I agree with my colleagues that this case should be affirmed on all points. I write separately because I would have reached the conclusion that the circuit court properly held that the relocation provision was unenforceable because self-executing provisions in custody agreements are contrary to Arkansas custody law, generally.

In Stills v. Stills, the parents had a custody agreement wherein the custodial parent waived the Hollandsworth presumption in the event she sought to relocate with the children. 2010 Ark. 132, 361 S.W.3d 823. Our supreme court held the provision was unenforceable by concluding the Hollandsworth presumption was, at its core, a legal burden of proof to be enforced by the circuit courts in deciding relocation disputes and not a “right” that may be claimed by one party or another. Hollandsworth v. Knyzewski, 353 Ark. 470, 477, 109 S.W.3d 653, 658 (2003).

|sIn the case at bar, the father asked the lower court to uphold the following provision:

Parents agree and understand that if [G.A.] is taken out of the Pulaski County School District, or does not attend school in the Maumelle area, Father will become the primary residential custodian, and [G.A.] will be placed in a school in the Quitman School District.

The lower court and the majority reason this provision is, essentially, like Stills in that it is an attempt to “work around” the Hollandsworth presumption. And while that is certainly one consequence of the provision, the provision at issue here goes even further than the one in Stills in 'that instead of attempting to waive a legal presumption, it simply changes custody upon the occurrence of an agreed-upon event. Our appellate courts have regularly and often said that the child’s best interest is the paramount consideration in any situation in which the trial court is deciding who should exercise care, custody, and control over the minor child. See, e.g., Furr v. James, 2013 Ark. App. 181, at 4, 427 S.W.3d 94, 96 (2013). Self-executing custodial provisions do not even allow a court to pay lip service to a best-interest analysis, and this is in complete derogation of our long-standing principles. See also Sarah Abramowicz, Contractualizing Custody, 83 Fordham L. Rev. 67, 87 (2014) (“Courts have largely refused to enforce agreements providing for an automatic change of custody upon an agreed-upon event, even where the agreement has been incorporated into a court order.”).1

|9For these reasons, I would affirm the lower court’s conclusion that the change-of-custody provision was unenforceable.
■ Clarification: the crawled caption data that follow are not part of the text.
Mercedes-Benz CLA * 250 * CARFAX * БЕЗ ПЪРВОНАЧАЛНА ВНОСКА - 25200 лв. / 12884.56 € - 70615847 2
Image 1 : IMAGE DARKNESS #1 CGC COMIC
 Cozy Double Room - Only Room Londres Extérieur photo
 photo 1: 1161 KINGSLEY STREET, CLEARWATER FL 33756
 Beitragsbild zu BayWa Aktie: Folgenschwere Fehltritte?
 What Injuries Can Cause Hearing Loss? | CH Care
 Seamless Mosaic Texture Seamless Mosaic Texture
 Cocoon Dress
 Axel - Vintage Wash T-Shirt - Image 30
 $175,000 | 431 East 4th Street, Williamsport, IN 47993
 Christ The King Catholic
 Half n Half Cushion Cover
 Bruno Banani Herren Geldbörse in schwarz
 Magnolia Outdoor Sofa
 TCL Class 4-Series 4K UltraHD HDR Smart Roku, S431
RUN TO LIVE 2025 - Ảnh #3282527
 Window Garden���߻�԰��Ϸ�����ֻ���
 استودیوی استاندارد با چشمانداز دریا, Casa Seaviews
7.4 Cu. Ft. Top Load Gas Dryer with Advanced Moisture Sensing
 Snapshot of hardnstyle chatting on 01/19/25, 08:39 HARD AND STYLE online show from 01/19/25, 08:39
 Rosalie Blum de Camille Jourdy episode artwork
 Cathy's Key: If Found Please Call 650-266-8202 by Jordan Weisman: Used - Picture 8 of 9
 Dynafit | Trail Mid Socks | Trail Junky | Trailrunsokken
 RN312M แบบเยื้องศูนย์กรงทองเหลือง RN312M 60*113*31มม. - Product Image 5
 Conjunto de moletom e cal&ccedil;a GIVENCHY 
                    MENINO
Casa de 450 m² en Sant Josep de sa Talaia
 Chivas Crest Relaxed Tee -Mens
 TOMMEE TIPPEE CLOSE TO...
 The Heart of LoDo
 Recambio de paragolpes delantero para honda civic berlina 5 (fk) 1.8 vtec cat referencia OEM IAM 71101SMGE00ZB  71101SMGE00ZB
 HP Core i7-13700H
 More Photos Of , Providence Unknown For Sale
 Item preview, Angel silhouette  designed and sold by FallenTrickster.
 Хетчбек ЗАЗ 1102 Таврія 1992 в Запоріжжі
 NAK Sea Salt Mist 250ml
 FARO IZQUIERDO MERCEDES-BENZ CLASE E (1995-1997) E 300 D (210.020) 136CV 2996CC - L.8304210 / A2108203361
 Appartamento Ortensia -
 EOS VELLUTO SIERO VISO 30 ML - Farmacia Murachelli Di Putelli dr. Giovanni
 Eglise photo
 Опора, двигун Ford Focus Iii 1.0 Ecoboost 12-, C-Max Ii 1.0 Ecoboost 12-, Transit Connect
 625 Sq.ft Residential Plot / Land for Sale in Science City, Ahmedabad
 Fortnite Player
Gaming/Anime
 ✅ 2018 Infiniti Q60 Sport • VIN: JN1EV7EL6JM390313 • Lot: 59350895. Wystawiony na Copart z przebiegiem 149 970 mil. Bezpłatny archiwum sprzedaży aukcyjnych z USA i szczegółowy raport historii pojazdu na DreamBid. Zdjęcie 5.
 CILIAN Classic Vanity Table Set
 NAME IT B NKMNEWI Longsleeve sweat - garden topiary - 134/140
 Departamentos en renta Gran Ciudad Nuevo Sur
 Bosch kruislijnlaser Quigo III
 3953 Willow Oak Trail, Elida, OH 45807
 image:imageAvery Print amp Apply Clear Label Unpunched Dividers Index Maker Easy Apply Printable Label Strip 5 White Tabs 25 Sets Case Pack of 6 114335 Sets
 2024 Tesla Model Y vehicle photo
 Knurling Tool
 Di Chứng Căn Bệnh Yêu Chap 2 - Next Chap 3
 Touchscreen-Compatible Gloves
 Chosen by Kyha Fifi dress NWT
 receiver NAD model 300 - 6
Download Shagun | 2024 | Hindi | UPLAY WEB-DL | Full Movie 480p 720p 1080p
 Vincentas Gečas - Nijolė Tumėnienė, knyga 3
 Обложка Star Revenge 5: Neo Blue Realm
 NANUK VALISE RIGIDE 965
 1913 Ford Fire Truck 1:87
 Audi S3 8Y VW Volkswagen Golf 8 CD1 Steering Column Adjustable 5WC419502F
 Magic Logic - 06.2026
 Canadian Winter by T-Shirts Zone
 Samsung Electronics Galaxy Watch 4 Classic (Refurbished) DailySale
I agree with the majority on all other points. For these reasons, I concur.

. The parties’ agreement actually contained two self-executing provisions. The first was that the parents were to share week-to-week joint custody until G.A. reached kindergarten. That provision is not at issue before us, and at the time of the petition for relocation, G.A. had been living with his mother as the primary custodian for several years.